Defines the search range for a variable.

```python
opt.set_range("x", -10, 10, 0.1)
```

Arguments:

- `var`: variable name used in the expression
- `min_val`: lower bound
- `max_val`: upper bound
- `step`: step size, must be greater than `0`

#### `optimise(mode: str = "min") -> tuple[float, dict[str, float]]`

Runs the grid search and returns:

- `best_value`
- `best_parameter_dict`

```python
value, params = opt.optimise("max")
```

Valid modes:

- `"min"` for minimization
- `"max"` for maximization

## Expression Syntax

Expressions are passed as strings and evaluated by the native backend using a lightweight mathematical expression parser.

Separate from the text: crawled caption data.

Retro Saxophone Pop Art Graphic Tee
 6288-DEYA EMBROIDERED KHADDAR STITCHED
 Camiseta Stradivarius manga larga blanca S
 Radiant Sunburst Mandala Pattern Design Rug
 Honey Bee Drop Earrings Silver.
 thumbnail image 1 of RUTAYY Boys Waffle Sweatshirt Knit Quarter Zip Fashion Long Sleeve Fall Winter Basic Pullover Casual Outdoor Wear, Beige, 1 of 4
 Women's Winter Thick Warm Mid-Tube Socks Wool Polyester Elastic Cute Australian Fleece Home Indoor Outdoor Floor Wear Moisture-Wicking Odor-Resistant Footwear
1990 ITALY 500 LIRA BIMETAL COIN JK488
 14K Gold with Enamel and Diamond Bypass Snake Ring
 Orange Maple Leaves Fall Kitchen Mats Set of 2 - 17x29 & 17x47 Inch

Supported operators include:

- `+`
- `-`
- `*`
- `/`
- `^`

Common mathematical functions such as `sin`, `cos`, `tan`, `log`, `sqrt`, `exp`, and `abs` are supported.

Example:

```python
opt.function("sin(x) * cos(y) + x^2")
```

## Examples

### Minimize a quadratic

```python
from gridoptim import GridSearchOptimiser

opt = GridSearchOptimiser()

value, params = (
    opt
    .function("x^2 + y^2")
    .set_range("x", -5, 5, 0.1)
    .set_range("y", -5, 5, 0.1)
    .optimise("min")
)

print(value)
print(params)
```

### Maximize a trigonometric expression

```python
from gridoptim import GridSearchOptimiser

opt = GridSearchOptimiser()

value, params = (
    opt
    .function("sin(x) * cos(y)")
    .set_range("x", -3.14, 3.14, 0.01)
    .set_range("y", -3.14, 3.14, 0.01)
    .optimise("max")
)

print(value)
print(params)
```

### Search across three variables

```python
from gridoptim import GridSearchOptimiser

opt = GridSearchOptimiser()

value, params = (
    opt
    .function("x^2 + y^2 + z^2")
    .set_range("x", -10, 10, 1)
    .set_range("y", -10, 10, 1)
    .set_range("z", -10, 10, 1)
    .optimise("min")
)

print(value)
print(params)
```

## Performance Notes

Grid search grows exponentially with the number of variables and the number of steps per variable.

For example:

- 3 variables
- 100 steps per variable

results in `100 x 100 x 100 = 1,000,000` evaluations.

Because the heavy computation is performed in C++, `gridoptim` can handle much larger search spaces than a pure Python implementation, but exhaustive search still becomes expensive as the grid grows.

## License

See the `LICENSE` file included in this repository for licensing terms.